Operators, maintenance and service personnel have the best
knowledge as to how the repair job will be done and to identify the
problems, therefore, they should be involved in evaluating the
design for accessibility.
Common Building Practices: Due to the relevance of the
connections, piping runs, wiring and plumbing to the performance of
the equipment, there should be a more rigorous approach to the
practice. At a very minimum, machine suppliers should develop a
well-documented practices manual and advise their assemblers to
adhere to its content.
Diagnostics: Diagnostic devices indicating the status of
equipment should be built into manufacturing machinery to aid
maintainability support processes. Use of electronic light emitting
diodes to indicate fault status can be helpful. The diagnostics can
be as simple as a visual display indicating the equipment's status
as a go/no-go condition, or as sophisticated as a knowledge-based
expert system with the capability of analyzing a problem and
recommending the most likely solution.
Diagnostic systems should have the capability of storing
equipment performance data as permanent records for reliability
analysis and supplier feedback supporting the reliability growth
management process. Output from diagnostic systems should be in a
compatible format with commercially available data base management
software.
When component assemblies and subsystems are used to create a
manufacturing system, hardware and software "hooks" should be put
in place in the concept and design phase to facilitate integration
of the diagnostics system in the build phase. Diagnostic systems
should indicate the specific component to replace or repair.
Captive Hardware and Quick Attach/Detach: Captive and quick
attach/detach hardware provides for rapid and easy replacement of
components, panels, brackets and chassis. The environment in which
these devices are used may restrict the type of device used. Spare
parts and replaceable subassemblies should also be configured with
these devices preassembled.
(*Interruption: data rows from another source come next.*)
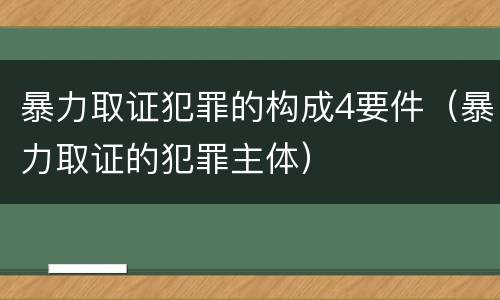 暴力取证犯罪的构成4要件（暴力取证的犯罪主体）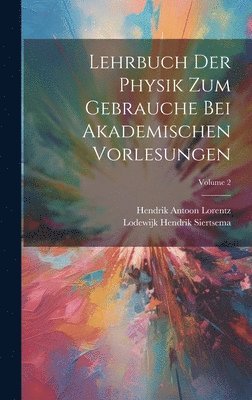 Lehrbuch Der Physik Zum Gebrauche Bei Akademischen Vorlesungen; Volume 2 (inbunden)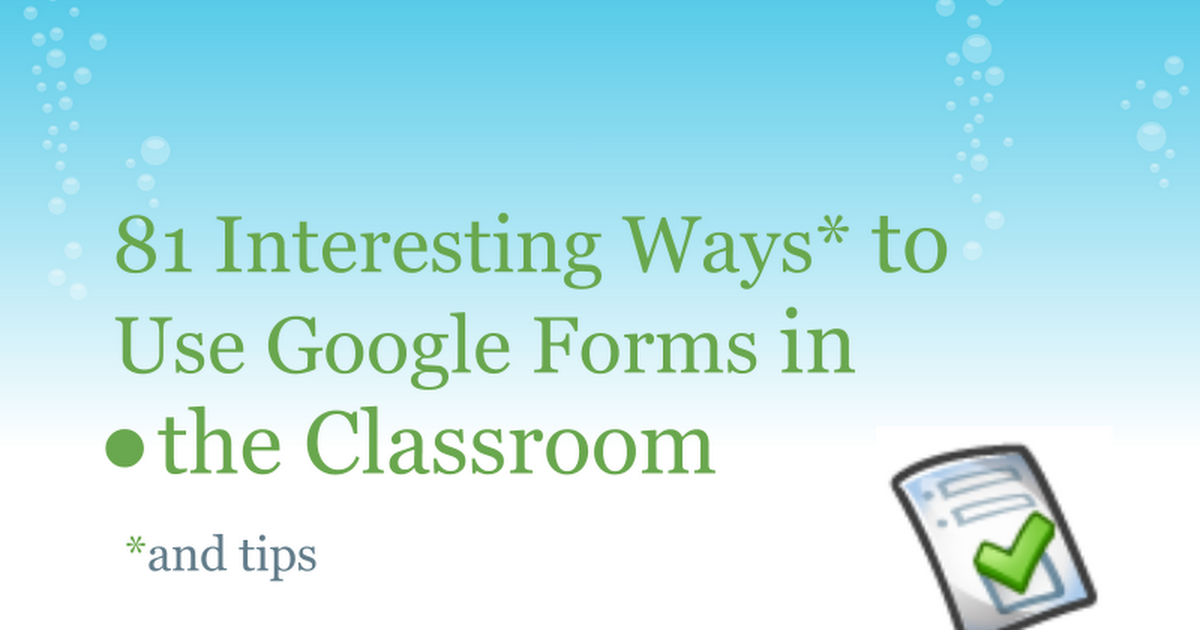 Copy of 81 Interesting Ways to Use Google Forms in the Classroom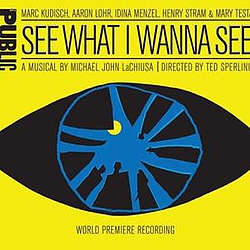 Michael John LaChiusa - See What I Wanna See альбом
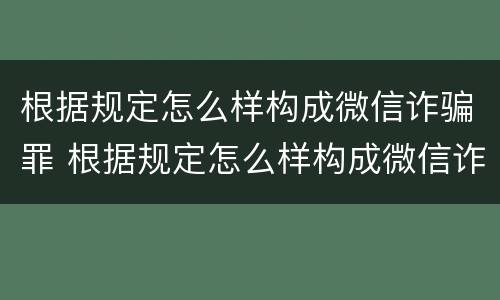 根据规定怎么样构成微信诈骗罪 根据规定怎么样构成微信诈骗罪的标准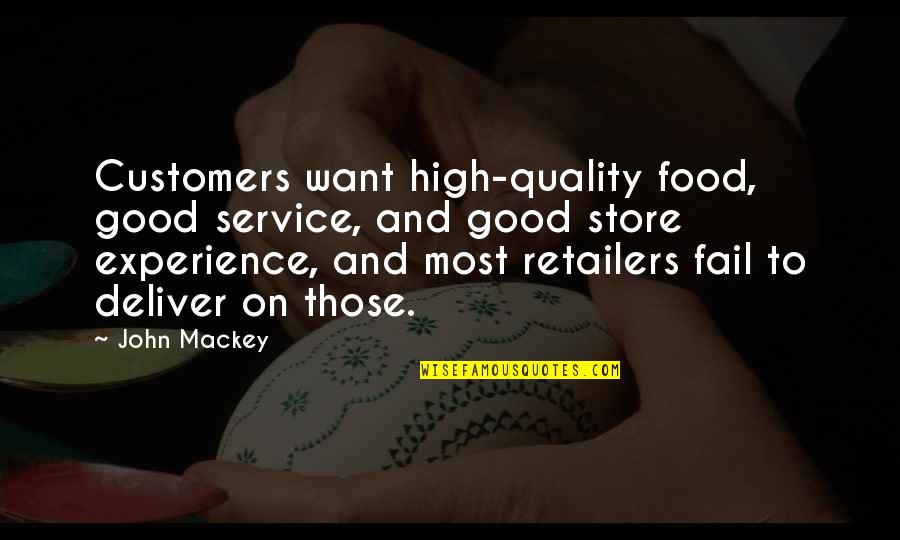 Cape Town Plaza Quotes By John Mackey: Customers want high-quality food, good service, and good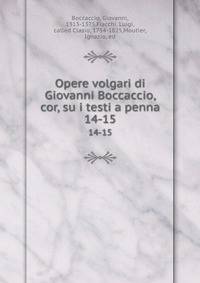 Opere volgari di Giovanni Boccaccio, cor, su i testi a penna. 14-15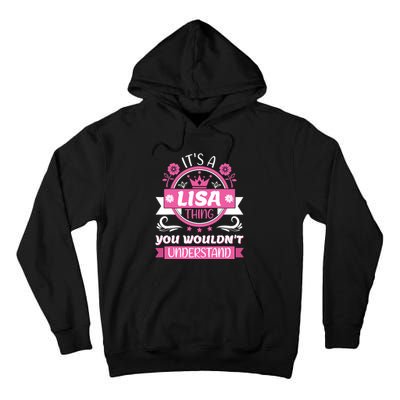 Lisa Name Its A Lisa Thing You Wouldnt Understand Tall Hoodie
Examples are:
-
Azim Houshyar, January 2011 Section 1 - page 12
plate, anchor and caged nuts push and snap-in fasteners clinch
and self-clinching nuts quarter-turn fasteners
Modularity: Modularity requires that designs be divided into
physically and functionally distinct units to facilitate removal
and replacement. It allows design of components as removable and
replaceable units for an enhanced design with minimum downtime.
Modular design concepts typically are thought of in terms of
electrical black boxes, printed circuit boards and other quick
attach/detach electrical components. These concepts are also
applicable to the mechanical elements of production equipment.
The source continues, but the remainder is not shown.